[Collection entries]
=-=-=

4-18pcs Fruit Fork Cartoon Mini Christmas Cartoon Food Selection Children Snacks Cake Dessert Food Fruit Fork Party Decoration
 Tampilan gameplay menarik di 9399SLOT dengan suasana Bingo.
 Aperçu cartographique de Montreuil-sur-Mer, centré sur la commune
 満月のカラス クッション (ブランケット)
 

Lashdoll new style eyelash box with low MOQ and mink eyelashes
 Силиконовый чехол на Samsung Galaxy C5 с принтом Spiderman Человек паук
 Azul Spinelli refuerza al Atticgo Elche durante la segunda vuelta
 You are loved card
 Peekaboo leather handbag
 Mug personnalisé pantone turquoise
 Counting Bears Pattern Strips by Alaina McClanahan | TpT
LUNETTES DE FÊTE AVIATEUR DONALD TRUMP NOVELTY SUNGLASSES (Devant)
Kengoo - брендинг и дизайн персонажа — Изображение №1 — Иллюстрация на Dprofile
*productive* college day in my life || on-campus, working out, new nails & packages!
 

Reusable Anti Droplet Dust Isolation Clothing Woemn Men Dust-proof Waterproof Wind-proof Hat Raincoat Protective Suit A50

=-=-=

▶ _Exercise_: Repeat the data. Keep every word the same.

▶ _Answer section_:
4-18pcs Fruit Fork Cartoon Mini Christmas Cartoon Food Selection Children Snacks Cake Dessert Food Fruit Fork Party Decoration
 Tampilan gameplay menarik di 9399SLOT dengan suasana Bingo.
 Aperçu cartographique de Montreuil-sur-Mer, centré sur la commune
 満月のカラス クッション (ブランケット)
 

Lashdoll new style eyelash box with low MOQ and mink eyelashes
 Силиконовый чехол на Samsung Galaxy C5 с принтом Spiderman Человек паук
 Azul Spinelli refuerza al Atticgo Elche durante la segunda vuelta
 You are loved card
 Peekaboo leather handbag
 Mug personnalisé pantone turquoise
 Counting Bears Pattern Strips by Alaina McClanahan | TpT
LUNETTES DE FÊTE AVIATEUR DONALD TRUMP NOVELTY SUNGLASSES (Devant)
Kengoo - брендинг и дизайн персонажа — Изображение №1 — Иллюстрация на Dprofile
*productive* college day in my life || on-campus, working out, new nails & packages!
 

Reusable Anti Droplet Dust Isolation Clothing Woemn Men Dust-proof Waterproof Wind-proof Hat Raincoat Protective Suit A50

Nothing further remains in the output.